Bien que la notion d’indivision constitue une pierre angulaire du droit des biens, elle n’est définie par aucun texte.

Aussi, s’est-elle principalement construite à travers la doctrine et la jurisprudence, lesquelles se sont appuyés sur les articles 815 et suivants du Code civil.

De nombreuses approches de la notion d’indivision ont été proposées par les auteurs. Nous nous limiterons à en proposer trois :

Malgré les différences qui distinguent ces approches, elles ont pour point commun d’admettre que l’existence d’une situation d’indivision est toujours subordonnée à la réunion de trois éléments constitutifs :

I) Pluralité de personnes

Parce que l’indivision constitue une forme de propriété collective, elle ne se conçoit qu’en présence d’une pluralité de personnes qui exercent des droits concurrents sur un ou plusieurs biens.

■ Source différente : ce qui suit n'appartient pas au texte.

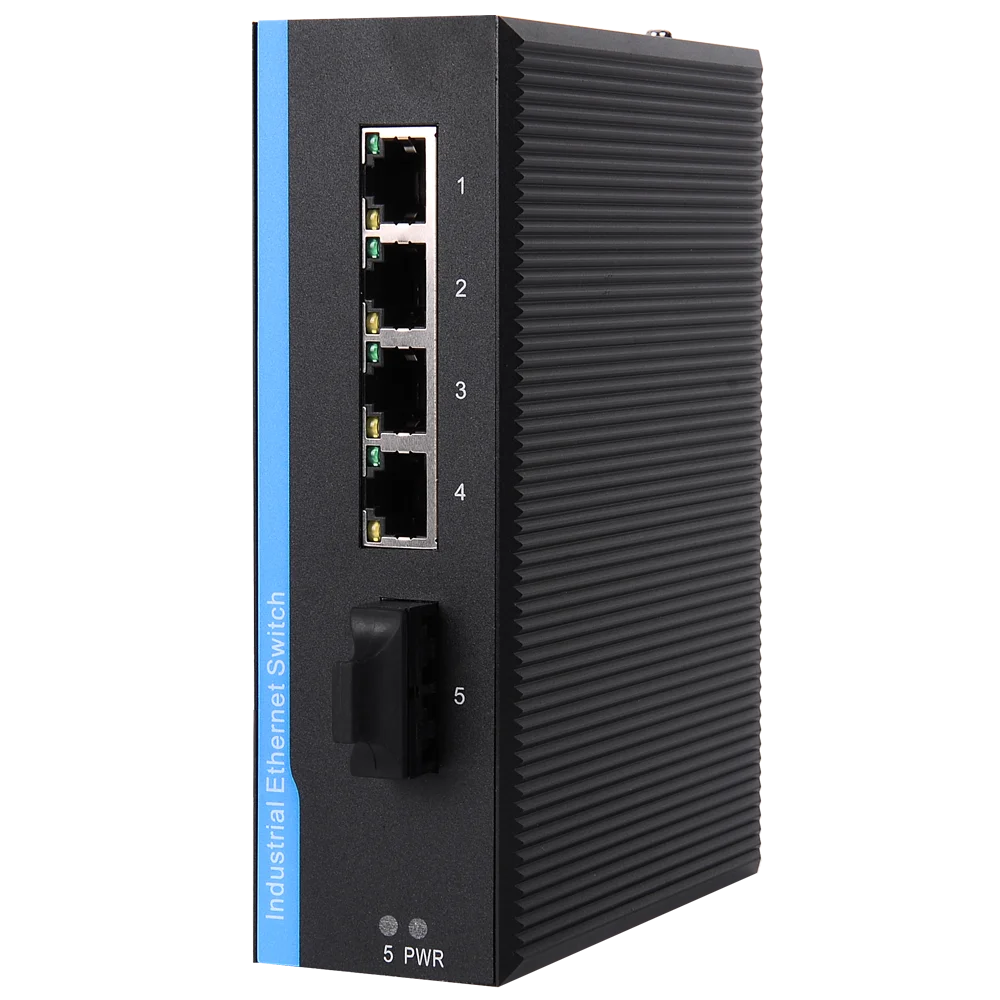 4+1 5포트 9V 12V 24V 48V DIN 레일  - Industrial Switch Din Rail Gigabit 리뷰 및 가격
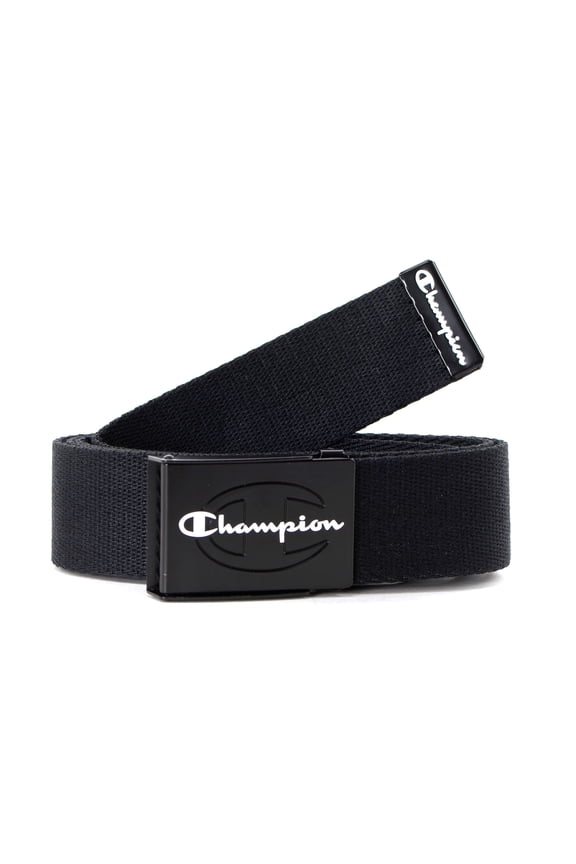 Script Web Belt Black-White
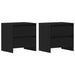 Dulap de noapte cu sertar 2 pcs Stejar Negru 45 x 34 x 44,5 cm - WALTI WALTI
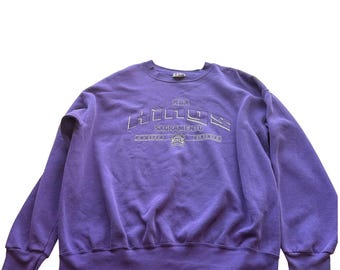 Vintage Lee Sport Sacramento Kings Sweatshirt XXL 2XL Purple NBA 90s Crewneck
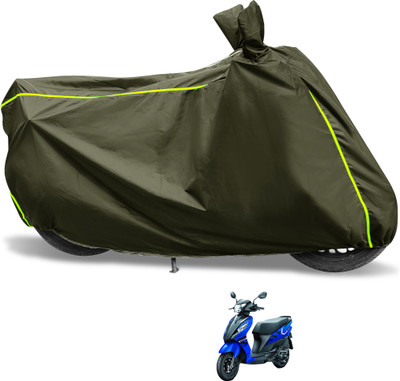 Euro Care Waterproof Two Wheeler Cover for Suzuki(Let's, Green)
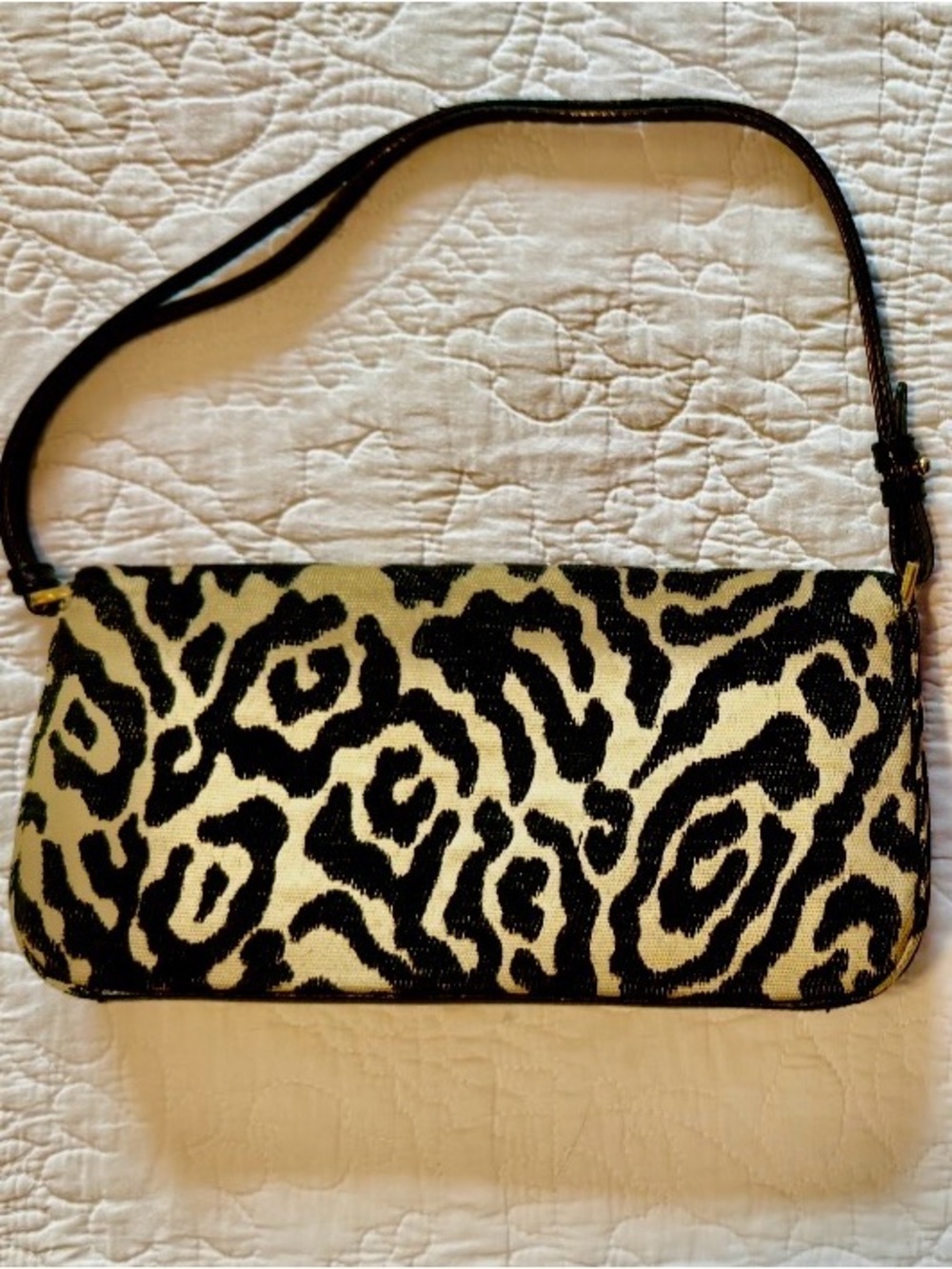 kate spade Black and Cream Zebra-Print Shoulder Bag - Picture 3 of 3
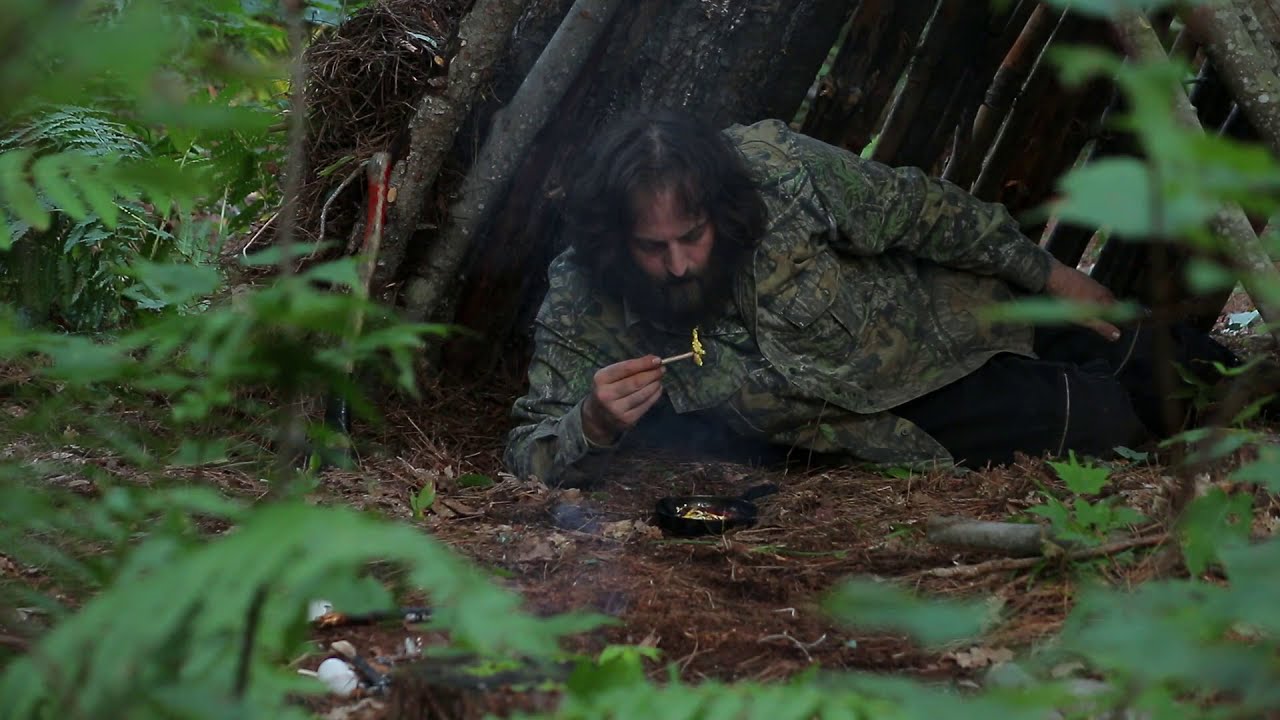 A-Frame Survival Shelter Build Using 100 Year Old Axe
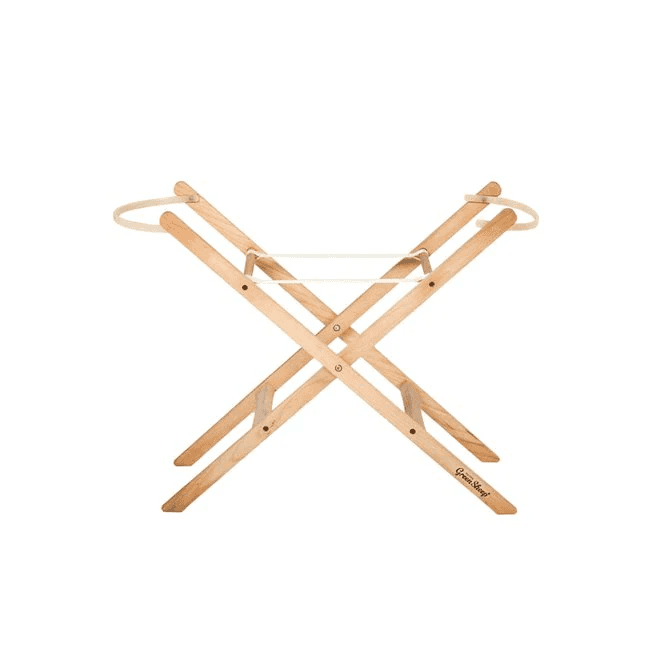 The Little Green Sheep Moses Basket Foldable Stand - Natural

Cette exigence conduit à exclure du domaine de l’indivision deux situations juridiques résultant des opérations que sont :

==> La clause d’accroissement

La clause d’accroissement, qualifiée également de tontine ou de pacte tontinier, désigne le dispositif contractuel aux termes duquel plusieurs personnes stipulent dans l’acte d’acquisition d’un bien que, à la mort de l’un des acquéreurs, ses droits sur le bien accroissent ceux des survivants, jusqu’à ce que le dernier vivant devienne l’unique propriétaire.

Ce contrat vise ainsi, à chaque décès successif, à concentrer la propriété du bien sur la tête des survivants, le dernier survivant étant réputé avoir été le seul propriétaire dès l’origine de l’acquisition du bien.

Dans un premier temps, la Cour de cassation avait prohibé les clauses d’accroissement, considérant qu’elles s’analysaient en des pactes sur succession future (Cass. req. 24 janv. 1928).

Puis, dans un second temps, elle a opéré un revirement de jurisprudence en admettant la stipulation de telles clauses.

Pour échapper à la qualification de pacte sur succession future, la clause d’accroissement doit toutefois présenter un caractère aléatoire et être stipulée à titre onéreux (Cass. 3e civ. 3 févr. 1959).

Une fois le principe de validité des clauses d’accroissement acquis, la question se pose de savoir si la conclusion d’un pacte de tontine ne créerait pas une situation d’indivision entre les tontiniers.

À cette question, la Haute juridiction répond par la négative. Elle a effet jugé dans un arrêt du 27 mai 1986 que la clause d’accroissement rend « jusqu’au décès du prémourant incompatibles entre eux les droits des parties à la propriété de l’immeuble litigieux puisque seul le survivant en était titulaire depuis la date d’acquisition de ce bien » (Cass. 1ère civ. 27 mai 1986, n°85-10.031).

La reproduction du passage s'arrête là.